Não há nada para rodar em uma agenda. Os corpos capturados além da janela de retenção são removidos pelo gateway; você configura a janela, o gateway a aplica.
A postura de menor risco é a óbvia: deixe a captura desligada a menos que você esteja diagnosticando ativamente, e quando você de fato habilitá-la, defina a retenção mais curta que ainda cubra seu loop de debug. O padrão de 30 dias já é conservador.

4. Retenção vs. apagamento

A retenção expira os logs capturados no curso ordinário. O apagamento é o caminho on-demand para uma requisição de titular de dados (DSAR) ou um fechamento de conta — e ele alcança mais longe do que o relógio do log:
GatilhoJanelaEntão
Log capturado além da retençãoaté 180 diaslog removido
Autoexclusão de contacarência de 30 diasscrub de PII + purga em cascade
Uma autoexclusão faz soft-delete da conta imediatamente e agenda um scrub de PII irreversível para 30 dias depois. Durante essa janela de carência a conta ainda pode ser restaurada e seus dados exportados; uma vez que a janela fecha, o scrub roda e o cascade purga os logs de requisição, as correspondências de guardrail, os eventos de firewall e os nós de trace de agente ligados ao titular. O direito ao apagamento não é, portanto, uma configuração de retenção separada — é uma purga mais forte, iniciada pelo titular, que se sobrepõe à janela baseada em tempo.
A carência de exclusão de 30 dias é uma janela de recuperação, não retenção de log extra. Os dados dentro dela têm soft-delete e são exportáveis, mas estão em um caminho de mão única para o scrub. Planeje os exports antes que a janela feche.
Veja Direito ao apagamento para a mecânica completa de DSAR — carência, scrub e o que o cascade toca.
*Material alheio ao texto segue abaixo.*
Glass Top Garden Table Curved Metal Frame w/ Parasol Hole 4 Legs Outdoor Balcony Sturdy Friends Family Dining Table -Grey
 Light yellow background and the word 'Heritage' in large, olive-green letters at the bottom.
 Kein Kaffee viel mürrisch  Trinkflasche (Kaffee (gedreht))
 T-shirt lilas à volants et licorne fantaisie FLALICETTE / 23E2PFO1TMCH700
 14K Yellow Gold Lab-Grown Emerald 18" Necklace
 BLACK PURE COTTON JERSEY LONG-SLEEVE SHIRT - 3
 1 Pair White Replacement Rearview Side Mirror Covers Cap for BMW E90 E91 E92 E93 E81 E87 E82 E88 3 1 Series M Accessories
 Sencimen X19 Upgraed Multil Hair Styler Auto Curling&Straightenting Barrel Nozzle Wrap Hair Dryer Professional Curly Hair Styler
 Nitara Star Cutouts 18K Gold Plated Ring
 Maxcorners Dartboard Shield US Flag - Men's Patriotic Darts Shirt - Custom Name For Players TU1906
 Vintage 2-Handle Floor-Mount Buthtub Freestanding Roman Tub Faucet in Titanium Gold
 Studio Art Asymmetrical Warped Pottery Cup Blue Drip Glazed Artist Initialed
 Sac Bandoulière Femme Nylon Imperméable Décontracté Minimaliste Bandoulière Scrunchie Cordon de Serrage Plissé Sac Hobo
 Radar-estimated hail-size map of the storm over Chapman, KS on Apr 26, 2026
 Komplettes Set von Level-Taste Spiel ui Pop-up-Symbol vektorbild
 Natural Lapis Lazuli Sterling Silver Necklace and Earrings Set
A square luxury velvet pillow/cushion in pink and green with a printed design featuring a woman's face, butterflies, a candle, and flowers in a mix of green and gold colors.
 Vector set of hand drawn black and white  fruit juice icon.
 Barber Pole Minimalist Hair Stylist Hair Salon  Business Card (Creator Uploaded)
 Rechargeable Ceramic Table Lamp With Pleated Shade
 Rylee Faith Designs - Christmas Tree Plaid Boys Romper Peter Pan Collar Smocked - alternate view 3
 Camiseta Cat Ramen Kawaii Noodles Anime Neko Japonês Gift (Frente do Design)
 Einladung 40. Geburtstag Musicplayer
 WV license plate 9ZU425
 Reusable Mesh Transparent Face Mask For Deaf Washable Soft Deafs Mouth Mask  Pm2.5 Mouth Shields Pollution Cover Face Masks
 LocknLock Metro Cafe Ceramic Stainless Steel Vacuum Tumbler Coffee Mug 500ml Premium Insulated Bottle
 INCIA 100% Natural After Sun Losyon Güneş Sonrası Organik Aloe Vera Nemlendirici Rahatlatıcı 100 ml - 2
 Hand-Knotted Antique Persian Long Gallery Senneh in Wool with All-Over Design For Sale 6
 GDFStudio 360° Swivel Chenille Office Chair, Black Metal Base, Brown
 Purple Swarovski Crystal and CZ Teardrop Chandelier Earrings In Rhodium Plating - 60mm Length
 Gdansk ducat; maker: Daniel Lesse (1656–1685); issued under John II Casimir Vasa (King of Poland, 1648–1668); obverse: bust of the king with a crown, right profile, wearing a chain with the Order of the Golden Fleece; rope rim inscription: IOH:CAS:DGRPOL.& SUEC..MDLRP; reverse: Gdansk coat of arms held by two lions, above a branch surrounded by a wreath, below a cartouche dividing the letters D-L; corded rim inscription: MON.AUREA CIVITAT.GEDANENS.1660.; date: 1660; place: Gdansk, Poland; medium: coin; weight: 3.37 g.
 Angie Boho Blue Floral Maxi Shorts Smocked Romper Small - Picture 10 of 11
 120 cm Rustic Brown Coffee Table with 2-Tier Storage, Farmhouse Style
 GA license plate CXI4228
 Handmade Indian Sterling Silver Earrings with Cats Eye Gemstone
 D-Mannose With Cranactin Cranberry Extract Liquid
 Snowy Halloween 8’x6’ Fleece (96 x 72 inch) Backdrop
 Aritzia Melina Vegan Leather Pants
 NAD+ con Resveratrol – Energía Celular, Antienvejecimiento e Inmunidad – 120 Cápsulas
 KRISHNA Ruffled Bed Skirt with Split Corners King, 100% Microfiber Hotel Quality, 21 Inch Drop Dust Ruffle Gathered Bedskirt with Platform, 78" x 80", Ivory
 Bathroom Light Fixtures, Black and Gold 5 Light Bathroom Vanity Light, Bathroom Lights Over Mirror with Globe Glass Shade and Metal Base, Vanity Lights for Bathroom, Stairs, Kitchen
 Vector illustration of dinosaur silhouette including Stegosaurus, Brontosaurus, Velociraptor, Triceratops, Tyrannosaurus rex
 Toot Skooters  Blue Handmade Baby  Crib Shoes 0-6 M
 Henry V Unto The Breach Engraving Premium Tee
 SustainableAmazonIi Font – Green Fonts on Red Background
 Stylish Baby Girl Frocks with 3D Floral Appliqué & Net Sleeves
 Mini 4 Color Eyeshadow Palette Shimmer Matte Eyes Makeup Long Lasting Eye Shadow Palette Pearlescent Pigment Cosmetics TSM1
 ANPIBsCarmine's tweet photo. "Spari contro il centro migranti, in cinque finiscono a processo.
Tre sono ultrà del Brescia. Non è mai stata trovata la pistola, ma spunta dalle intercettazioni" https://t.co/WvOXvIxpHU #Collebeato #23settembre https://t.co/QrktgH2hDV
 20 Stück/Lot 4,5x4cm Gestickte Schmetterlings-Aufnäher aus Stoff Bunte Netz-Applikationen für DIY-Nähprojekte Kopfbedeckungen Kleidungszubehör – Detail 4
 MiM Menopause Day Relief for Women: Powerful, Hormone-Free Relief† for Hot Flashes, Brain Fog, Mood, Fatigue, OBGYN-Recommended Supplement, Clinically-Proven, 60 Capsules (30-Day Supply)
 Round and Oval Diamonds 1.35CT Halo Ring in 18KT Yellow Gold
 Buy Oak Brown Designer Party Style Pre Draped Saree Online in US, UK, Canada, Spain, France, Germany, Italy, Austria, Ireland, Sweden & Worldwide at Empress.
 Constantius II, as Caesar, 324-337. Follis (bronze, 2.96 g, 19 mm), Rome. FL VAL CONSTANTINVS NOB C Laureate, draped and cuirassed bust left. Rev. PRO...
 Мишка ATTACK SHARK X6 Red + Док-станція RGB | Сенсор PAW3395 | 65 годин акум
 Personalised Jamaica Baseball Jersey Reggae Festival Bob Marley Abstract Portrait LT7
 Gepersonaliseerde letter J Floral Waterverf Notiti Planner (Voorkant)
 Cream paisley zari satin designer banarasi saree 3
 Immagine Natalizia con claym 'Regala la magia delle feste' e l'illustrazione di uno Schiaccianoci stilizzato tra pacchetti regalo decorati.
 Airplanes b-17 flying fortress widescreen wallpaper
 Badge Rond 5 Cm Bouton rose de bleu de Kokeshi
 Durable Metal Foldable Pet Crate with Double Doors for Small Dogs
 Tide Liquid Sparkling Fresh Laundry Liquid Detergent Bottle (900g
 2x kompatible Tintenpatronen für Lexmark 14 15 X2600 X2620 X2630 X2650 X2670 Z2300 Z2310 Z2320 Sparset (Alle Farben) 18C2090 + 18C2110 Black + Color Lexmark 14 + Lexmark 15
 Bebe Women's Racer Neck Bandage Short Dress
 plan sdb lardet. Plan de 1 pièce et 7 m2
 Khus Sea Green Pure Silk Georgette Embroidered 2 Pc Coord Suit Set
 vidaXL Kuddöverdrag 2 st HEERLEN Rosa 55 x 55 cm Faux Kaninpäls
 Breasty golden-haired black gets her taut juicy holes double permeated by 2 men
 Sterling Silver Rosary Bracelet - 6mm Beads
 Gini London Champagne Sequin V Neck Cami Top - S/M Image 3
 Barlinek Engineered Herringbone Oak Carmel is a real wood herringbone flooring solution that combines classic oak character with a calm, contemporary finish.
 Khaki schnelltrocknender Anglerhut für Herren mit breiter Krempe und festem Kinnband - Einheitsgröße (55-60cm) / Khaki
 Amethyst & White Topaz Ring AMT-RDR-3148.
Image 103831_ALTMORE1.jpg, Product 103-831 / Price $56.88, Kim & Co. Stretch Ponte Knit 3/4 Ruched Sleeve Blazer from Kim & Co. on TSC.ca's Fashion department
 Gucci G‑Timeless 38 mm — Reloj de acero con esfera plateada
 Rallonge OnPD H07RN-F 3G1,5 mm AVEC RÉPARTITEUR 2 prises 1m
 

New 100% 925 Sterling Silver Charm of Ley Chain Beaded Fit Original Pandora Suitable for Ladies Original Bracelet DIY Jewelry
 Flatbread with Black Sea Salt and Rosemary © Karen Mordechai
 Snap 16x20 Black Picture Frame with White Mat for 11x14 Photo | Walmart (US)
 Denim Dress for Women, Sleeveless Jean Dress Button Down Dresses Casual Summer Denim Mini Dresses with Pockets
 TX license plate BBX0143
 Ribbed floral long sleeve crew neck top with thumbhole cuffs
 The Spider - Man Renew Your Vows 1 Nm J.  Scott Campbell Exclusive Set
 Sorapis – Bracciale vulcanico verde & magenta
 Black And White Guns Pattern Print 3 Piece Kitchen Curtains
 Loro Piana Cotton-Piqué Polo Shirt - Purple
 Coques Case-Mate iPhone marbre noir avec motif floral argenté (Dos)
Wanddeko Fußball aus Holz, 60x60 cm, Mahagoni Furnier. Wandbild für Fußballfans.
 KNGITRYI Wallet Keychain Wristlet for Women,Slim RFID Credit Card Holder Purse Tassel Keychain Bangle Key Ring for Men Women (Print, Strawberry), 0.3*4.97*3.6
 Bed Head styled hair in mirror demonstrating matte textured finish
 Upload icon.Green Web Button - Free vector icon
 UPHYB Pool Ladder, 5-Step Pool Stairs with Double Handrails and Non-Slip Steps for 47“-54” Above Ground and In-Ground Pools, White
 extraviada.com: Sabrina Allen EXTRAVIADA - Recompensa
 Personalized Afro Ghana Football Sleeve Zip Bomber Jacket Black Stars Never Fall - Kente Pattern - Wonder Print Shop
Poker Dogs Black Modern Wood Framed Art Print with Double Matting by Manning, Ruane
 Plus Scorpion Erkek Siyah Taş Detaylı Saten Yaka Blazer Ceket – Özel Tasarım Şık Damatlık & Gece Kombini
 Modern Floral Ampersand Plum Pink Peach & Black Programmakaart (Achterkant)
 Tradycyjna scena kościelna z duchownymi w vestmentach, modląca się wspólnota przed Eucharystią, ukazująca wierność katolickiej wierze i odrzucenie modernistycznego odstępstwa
5. Como isto satisfaz um framework

A maioria dos regimes de privacidade pede duas coisas demonstráveis: um período de retenção definido e um caminho de apagamento funcional. O controle de retenção e o cascade de exclusão são exatamente esses dois controles, e um pack de compliance os mapeia na evidência do framework para que um relatório possa ler seu estado. Instale um pack e o mesmo comportamento de retenção e apagamento é referenciado na sua visão de prontidão — sem configuração separada.

Instale um pack

Materialize os controles de um framework; retenção e apagamento fazem parte da história de privacidade que ele espera.

Frameworks

O catálogo ao vivo — GDPR, CCPA, HIPAA e os regimes regionais de privacidade que fixam a retenção.

6. Onde isto se encaixa

Direito ao apagamento

Autoexclusão, a carência de 30 dias, o scrub de PII e o cascade de purga.

Consentimento

O reconhecimento registrado exigido antes de a captura de log de requisição ligar.

Residência de dados

Onde a evidência de compliance assinada é armazenada e servida — um controle de região separado da retenção.

Responsabilidade compartilhada

O gateway aplica a retenção que você define; escolher a janela e a cadência de apagamento continua sendo seu.
A retenção no OrcaRouter é um controle honesto com um padrão e um teto rígido: habilite a captura só quando você precisa, mantenha a janela curta e deixe o gateway expirar os corpos — com o apagamento de prontidão para o momento em que um titular pede que você o esqueça inteiramente.